Re: About PGP Signing a File.



Jeff,

Jeffrey F. Bloss wrote:

Or even better... meet in person, demand three form of photo ID, and run
finger prints through NCIC/whatever. All in front of reliable, bondable
witnesses. <grin>

LOL!


This is why PGP/GnuPG are primarily data integrity tools and not proof
of authorship tools. Indeed most digital signature schemes can't be
used to reliably authenticate origin, just guarantee data hasn't been
tampered with. The more refined tools like GnuPG and PGP implement
methods of forming trusted relationships, but they are in general not so
robust and easily exploited. Certainly not to be relied on for any
mission critical work.

I don't think it is possible for someone to prove beyond doubt they are
who they say they are. I suspect even your example above is open to abuse.

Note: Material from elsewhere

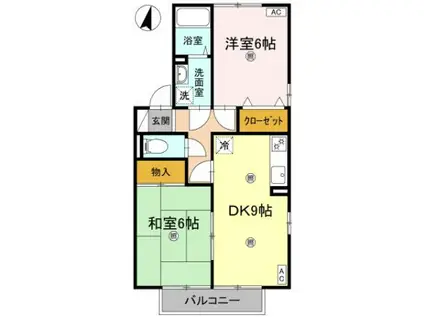 メナージュ B棟(2DK/2階)の間取り写真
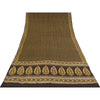 Sanskriti Vintage Sarees Brown Pure Crepe Silk Printed Sari 5+yd Craft Fabric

It therefore becomes a question of degrees of trust. A document that has
been signed with a key that has also been signed by a number of people
increases that degree of trust, but as you say does not guarantee
authorship. A signature based on a key that has not been signed by
anybody is much less trustworthy.

There are other protocols which address identity in much more suitable
ways, although the "zero knowledge proof" problem has been a major
thorn in cryptographers' sides since cryptography was invented. ;)

I'd be interested to hear about other such protocols.

Regards,
Tony.
--
Tony Arnold, IT Security Coordinator, University of Manchester,
IT Services Division, Kilburn Building, Oxford Road, Manchester M13 9PL.